— HOW TO COMPLETE THIS TASK —
Each entry has to be reproduced in full, exactly as given.
====
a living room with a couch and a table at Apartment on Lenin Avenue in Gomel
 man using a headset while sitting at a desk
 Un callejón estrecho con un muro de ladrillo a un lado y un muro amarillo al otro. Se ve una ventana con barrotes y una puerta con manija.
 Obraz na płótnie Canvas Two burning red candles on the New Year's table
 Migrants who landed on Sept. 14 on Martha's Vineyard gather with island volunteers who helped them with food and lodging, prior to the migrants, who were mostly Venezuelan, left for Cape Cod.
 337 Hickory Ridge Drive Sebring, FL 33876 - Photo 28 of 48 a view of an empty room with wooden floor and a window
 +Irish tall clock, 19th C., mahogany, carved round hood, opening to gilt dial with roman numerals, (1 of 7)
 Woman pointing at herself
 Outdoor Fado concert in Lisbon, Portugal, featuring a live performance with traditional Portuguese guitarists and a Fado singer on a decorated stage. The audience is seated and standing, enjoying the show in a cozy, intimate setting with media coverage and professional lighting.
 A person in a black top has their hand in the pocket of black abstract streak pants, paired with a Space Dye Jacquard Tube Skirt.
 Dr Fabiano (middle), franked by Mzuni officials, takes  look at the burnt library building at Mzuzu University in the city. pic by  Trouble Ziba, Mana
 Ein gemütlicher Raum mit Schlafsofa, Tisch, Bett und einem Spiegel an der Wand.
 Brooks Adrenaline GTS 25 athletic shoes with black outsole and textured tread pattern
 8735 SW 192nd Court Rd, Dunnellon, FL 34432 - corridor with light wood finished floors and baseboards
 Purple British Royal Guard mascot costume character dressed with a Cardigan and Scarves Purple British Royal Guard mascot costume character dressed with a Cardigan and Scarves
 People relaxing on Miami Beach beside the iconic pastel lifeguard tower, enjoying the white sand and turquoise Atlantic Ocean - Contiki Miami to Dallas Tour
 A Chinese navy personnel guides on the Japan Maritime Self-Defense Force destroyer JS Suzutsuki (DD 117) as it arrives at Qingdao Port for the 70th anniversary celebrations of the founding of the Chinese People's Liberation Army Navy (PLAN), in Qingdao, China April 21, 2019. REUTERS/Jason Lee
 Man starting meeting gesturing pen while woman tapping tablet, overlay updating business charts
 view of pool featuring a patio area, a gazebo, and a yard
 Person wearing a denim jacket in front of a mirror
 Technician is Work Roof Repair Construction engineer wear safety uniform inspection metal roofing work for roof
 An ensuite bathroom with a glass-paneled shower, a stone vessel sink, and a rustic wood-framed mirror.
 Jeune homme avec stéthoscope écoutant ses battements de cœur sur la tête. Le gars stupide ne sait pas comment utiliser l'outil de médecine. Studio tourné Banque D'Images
====
— ANSWER TO THIS TASK —
a living room with a couch and a table at Apartment on Lenin Avenue in Gomel
 man using a headset while sitting at a desk
 Un callejón estrecho con un muro de ladrillo a un lado y un muro amarillo al otro. Se ve una ventana con barrotes y una puerta con manija.
 Obraz na płótnie Canvas Two burning red candles on the New Year's table
 Migrants who landed on Sept. 14 on Martha's Vineyard gather with island volunteers who helped them with food and lodging, prior to the migrants, who were mostly Venezuelan, left for Cape Cod.
 337 Hickory Ridge Drive Sebring, FL 33876 - Photo 28 of 48 a view of an empty room with wooden floor and a window
 +Irish tall clock, 19th C., mahogany, carved round hood, opening to gilt dial with roman numerals, (1 of 7)
 Woman pointing at herself
 Outdoor Fado concert in Lisbon, Portugal, featuring a live performance with traditional Portuguese guitarists and a Fado singer on a decorated stage. The audience is seated and standing, enjoying the show in a cozy, intimate setting with media coverage and professional lighting.
 A person in a black top has their hand in the pocket of black abstract streak pants, paired with a Space Dye Jacquard Tube Skirt.
 Dr Fabiano (middle), franked by Mzuni officials, takes  look at the burnt library building at Mzuzu University in the city. pic by  Trouble Ziba, Mana
 Ein gemütlicher Raum mit Schlafsofa, Tisch, Bett und einem Spiegel an der Wand.
 Brooks Adrenaline GTS 25 athletic shoes with black outsole and textured tread pattern
 8735 SW 192nd Court Rd, Dunnellon, FL 34432 - corridor with light wood finished floors and baseboards
 Purple British Royal Guard mascot costume character dressed with a Cardigan and Scarves Purple British Royal Guard mascot costume character dressed with a Cardigan and Scarves
 People relaxing on Miami Beach beside the iconic pastel lifeguard tower, enjoying the white sand and turquoise Atlantic Ocean - Contiki Miami to Dallas Tour
 A Chinese navy personnel guides on the Japan Maritime Self-Defense Force destroyer JS Suzutsuki (DD 117) as it arrives at Qingdao Port for the 70th anniversary celebrations of the founding of the Chinese People's Liberation Army Navy (PLAN), in Qingdao, China April 21, 2019. REUTERS/Jason Lee
 Man starting meeting gesturing pen while woman tapping tablet, overlay updating business charts
 view of pool featuring a patio area, a gazebo, and a yard
 Person wearing a denim jacket in front of a mirror
 Technician is Work Roof Repair Construction engineer wear safety uniform inspection metal roofing work for roof
 An ensuite bathroom with a glass-paneled shower, a stone vessel sink, and a rustic wood-framed mirror.
 Jeune homme avec stéthoscope écoutant ses battements de cœur sur la tête. Le gars stupide ne sait pas comment utiliser l'outil de médecine. Studio tourné Banque D'Images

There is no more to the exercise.